O çocuklara nasıl rol model oluyoruz? Çocuklar anlatılandan çok gördüklerini uyguluyorlar. Evinde şiddet varsa istersen sabahtan akşama kadar çocuğa sevgi anlat, o da ileride babası ya da annesinin davrandığı gibi davranacak ilişkisinde.”
TARİHÇESİ
BAKTIĞIN vitrinler kalpler ile dolu, tanesi 30 liradan kırmızı gül satanlar yolunu kesiyorsa yılın o günü gelmiş demektir. Sevgililer gününün ‘kapitalizmin oyunu’ olduğuna inananlardanım. Kendimce haklı sebeplerim de var aslında. Savaş sebebiyle evlenmesi yasaklanan askerlerin gizlice nikâhlarını kıyan Aziz Valentine, İmparator 2. Claudius’un emri ile 14 Şubat 269’da yakılarak öldürülüyor, 200 yıl sonra aziz ilan edilmesiyle de 14 Şubat, anısına Saint Valentine’s Day adını alıyor. Kilisenin resmileştirdiği bu özel gün, yüzyıllarca unutulduktan sonra, böylelikle yeniden canlanıyor. Ancak bunun sektör haline gelmesi, endüstri devrimi ve akabinde fabrikada kartpostal üretiminin mümkün hale gelmesi ile gerçekleşiyor. ABD’li Hallmark şirketi 1916’da seri üretime geçerek, sevgililer günü kartları basıyor ve kutlamaların şeklinin neredeyse bugünkü halini almasına sebep oluyor.
MUTLU İLİŞKİNİN FORMÜLÜ
ŞÖYLE bir bakıyorum da etrafıma, çoğumuz sevmenin ne olduğunu tam anlamı ile bilmiyoruz. Sevginin ispatlanması içinse harcama yapmak, sevdiğinizi hediyelere boğmak daha kolay geliyor çoğumuza. Amerikalı Psikiyatrist Eric Fromm’un da dediği gibi: ‘Sevmek bir eylemdir.’ Psikolog Esra Ezmeci bu hatırlatmamı, ‘Davranışa dönmeyen hiçbir sözün anlamı yok’ diyerek tamamlıyor. Diyor ki: “Sevmek emek vermek, zaman ayırmak, anlayış göstermek, özveri istiyor. Fedakârlık değil ama... Fedakârlık her şeyini karşındakine adamaktır çünkü. İşin formülü değerli olduğunu hissetmek, hissettirmektir. Bu da öyle ne büyük büyük laflarla ne de büyük hediyelerle olur.”
1957- İZMİR EVLENDİKLERİ GÜN
AŞK GEÇER, SEVGİ KALIR
YAZIYI anneannemin evinde hazırladım.

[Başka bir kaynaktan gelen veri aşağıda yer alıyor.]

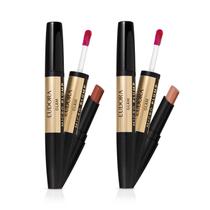 Combo Batom Duo Glam Micro Plump: Avelã Magnífico 1,8g + Terracota Retrô 1,8g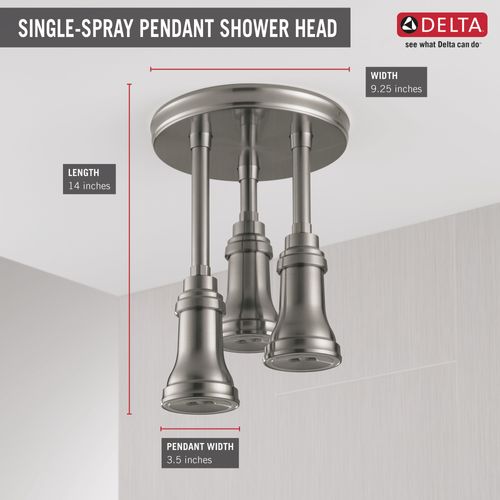 Main product image of H2OKinetic Pendant Raincan Shower Head w/ LED Light (Stainless), 57190-SS25-L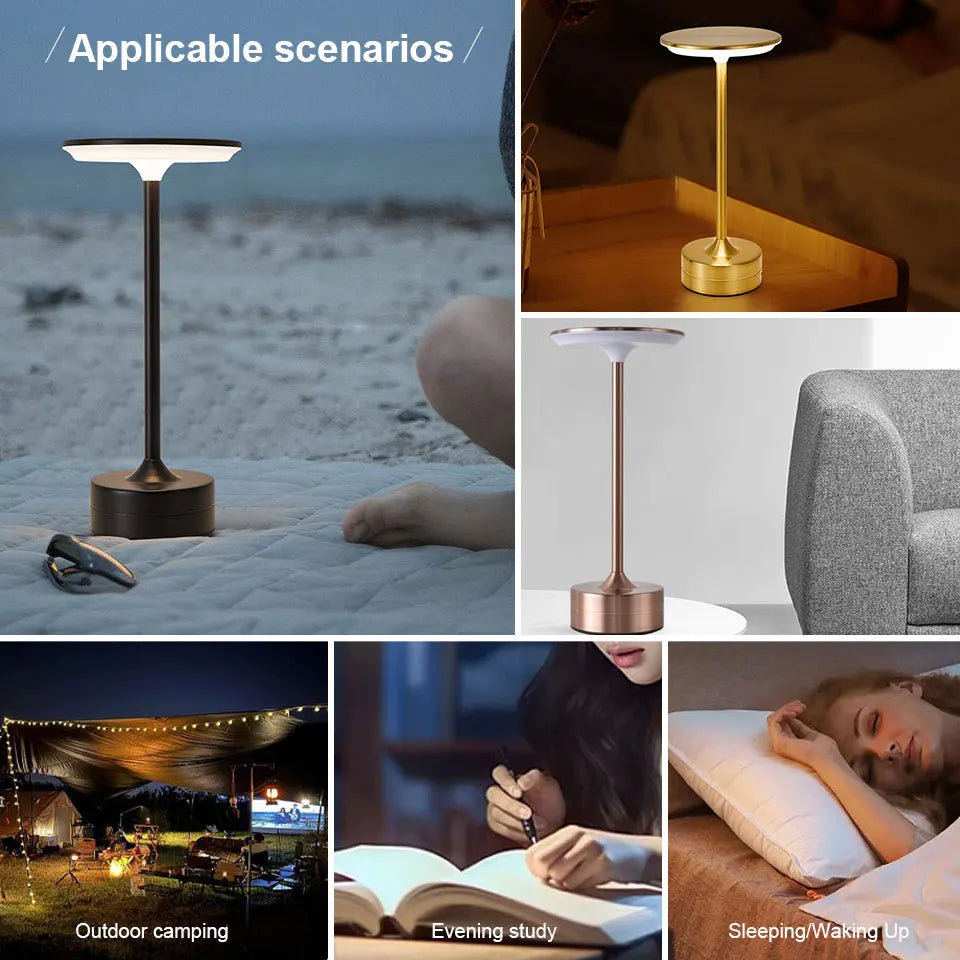 LED Touch Sensor Table Lamp – USB Rechargeable, Portable Wireless Night Light for Bedroom, Reading, Restaurant, Hotel, and Bar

Haliyle o da röportajıma kulak misafiri oldu. Esra Ezmeci ile sohbetimiz bitmişti ki anneannem atıldı: ‘Eskiden sevgililer günü mü vardı kızım?’ Dile kolay! Tam 60 yıl, dedem Nuri Erbaşlı hayatını kaybedene kadar, evli kaldılar. 1957 yılının kışında, çok âşık olup ailelerinden kaçarak nikâhlandıklarını biliyorum. 87 yaşındaki Şencan Erbaşlı’ya dönüyor: ‘Hiç pişman oldun mu? diye soruyorum: ‘Ne o beni ne de ben onu... Birbirimizi pişman etmedik!’ diyor. İyi de nasıl? Cevabı şöyle: “Ben konuştuysam o sustu, o konuştuysa ben. Saygımızı hiç kaybetmedik. Sözlü kavga olurdu ama küsmezdik! Aşk zamanla yerini sevgi-saygıya bırakıyor. A, bir de kadın ayakları üzerinde dimdik duracak. Hayat zor! O zaman da zordu. Ama imkânlarımız çerçevesinde gezdik, tozduk, dostlarıma, kendimize vakit ayırdık. Formül sordun ya... İşin formülü ‘biz’ olmayı bilmekte.”